Remember pets in severe summer heat
Animals can quickly succumb to heat stroke if left outdoors for long periods with no water or shelter in these, the hottest days of the year.
Locally we reported on two separate incidents in just the past week in which two dogs were left in the heat and their owners charged. One of the animals died of heat stroke in Niles.
In that case, Johnnie B. Murray Jr., 37, of Clay Street in Niles, is facing a fifth-degree felony charge of cruelty to animals.
In an unrelated case in Howland, Angela Rohr, 34, of Crestview Avenue SE, has pleaded not guilty to a charge of cruelty to companion animals after police found her dog chained in the direct sunlight without water or shelter for several hours.
Nationwide, People for the Ethical Treatment of Animals reports that at least 24 hot weather-related animal deaths have been reported this summer.
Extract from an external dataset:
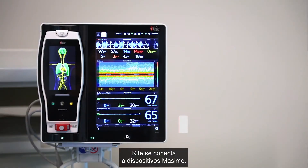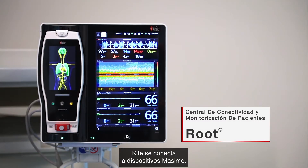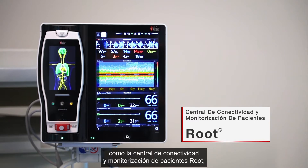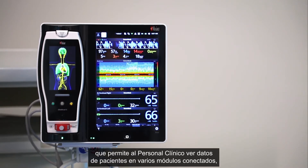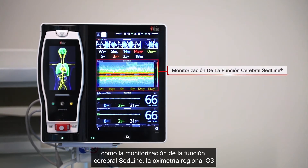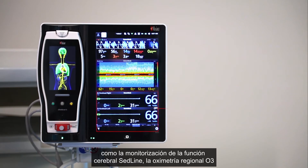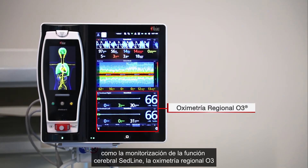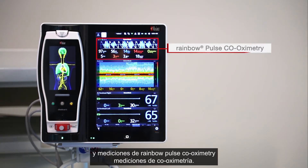Kite connects to Massimo devices such as the Root patient monitoring and connectivity hub, which allows the clinician to view patient data from a variety of connected modules such as SedLine brain function monitoring, O3 regional oximetry, and non-invasive rainbow pulse co-oximetry measurements.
That’s why it’s so vitally important to remember to keep your pets cool and safe. Here are some suggestions that experts offer:
If possible, keep animals indoors in severely hot temperatures like we have been experiencing. Unlike humans, dogs perspire only through their footpads and cool themselves by panting, so even brief sun exposure can have life-threatening consequences. Anyone who sees animals in distress and is unable to help should note their locations and alert authorities immediately.
Never leave an animal inside a hot vehicle. Temperatures can quickly soar in parked cars. In fact, the temperature inside a vehicle climbs approximately 43 degrees in just an hour. Animals trapped inside can die from heat stroke within minutes — even if the car is in the shade with the windows slightly open.
Avoid walking your dog on hot pavement. When outdoor temperatures reach the 80s, asphalt temperatures can climb to 140 degrees, causing pain, burns and permanent damage to dogs’ paws after just a few minutes of contact. Walk dogs on grass whenever possible, and avoid walking in the middle of the day. And never run with dogs in hot weather.
Don’t take your pets’ health and safety for granted, especially in hot summer weather.